Minimal subspace rotation on the Stiefel manifold for stabilization and enhancement of projection-based reduced order models for the compressible Navier-Stokes equations

TL;DR

This paper introduces a novel minimal subspace rotation method on the Stiefel manifold to stabilize and improve projection-based reduced order models for the compressible Navier-Stokes equations without empirical turbulence modeling.

Contribution

It proposes a trace minimization approach on the Stiefel manifold to stabilize ROMs by accounting for truncated modes a priori, maintaining consistency with the full model.

Findings

Effective stabilization of ROMs for compressible flows.

Enhanced predictive accuracy in flow simulations.
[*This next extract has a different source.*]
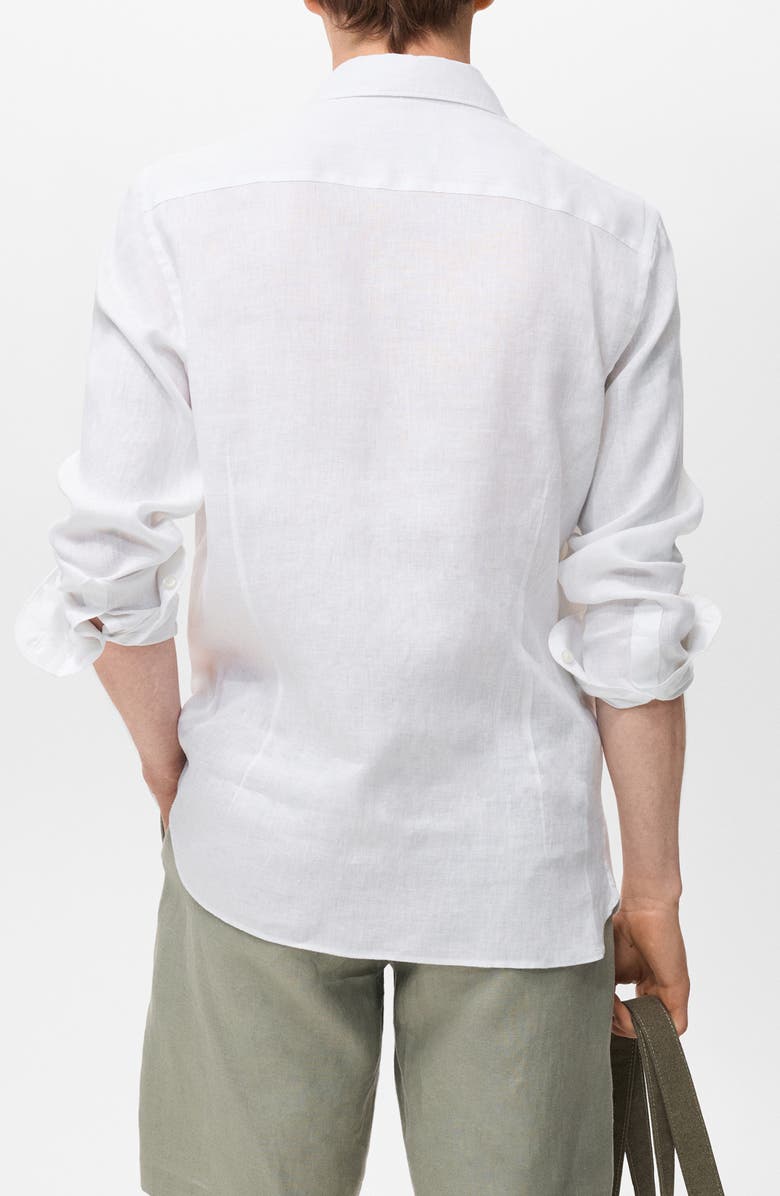 MANGO Slim Fit Linen Button-Up Shirt, Alternate, color, White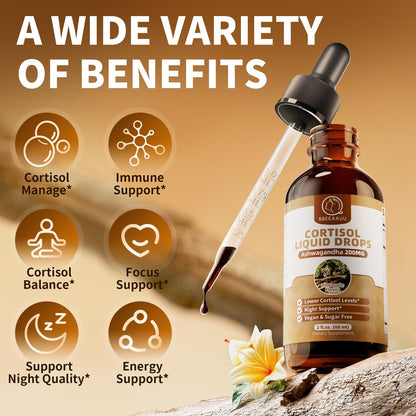 BBEEAAUU 2-Pack Cortisol Drops for Women & Men | 200mg Ashwagandha, L-Theanine & Phosphatidylserine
No need for empirical turbulence models.

Abstract

For a projection-based reduced order model (ROM) of a fluid flow to be stable and accurate, the dynamics of the truncated subspace must be taken into account. This paper proposes an approach for stabilizing and enhancing projection-based fluid ROMs in which truncated modes are accounted for a priori via a minimal rotation of the projection subspace. Attention is focused on the full non-linear compressible Navier-Stokes equations in specific volume form as a step toward a more general formulation for problems with generic non-linearities. Unlike traditional approaches, no empirical turbulence modeling terms are required, and consistency between the ROM and the full order model from which the ROM is derived is maintained. Mathematically, the approach is formulated as a trace minimization problem on the Stiefel manifold. The reproductive as well as predictive capabilities of the method are evaluated on several compressible flow problems, including a problem involving laminar flow over an airfoil with a high angle of attack, and a channel-driven cavity flow problem.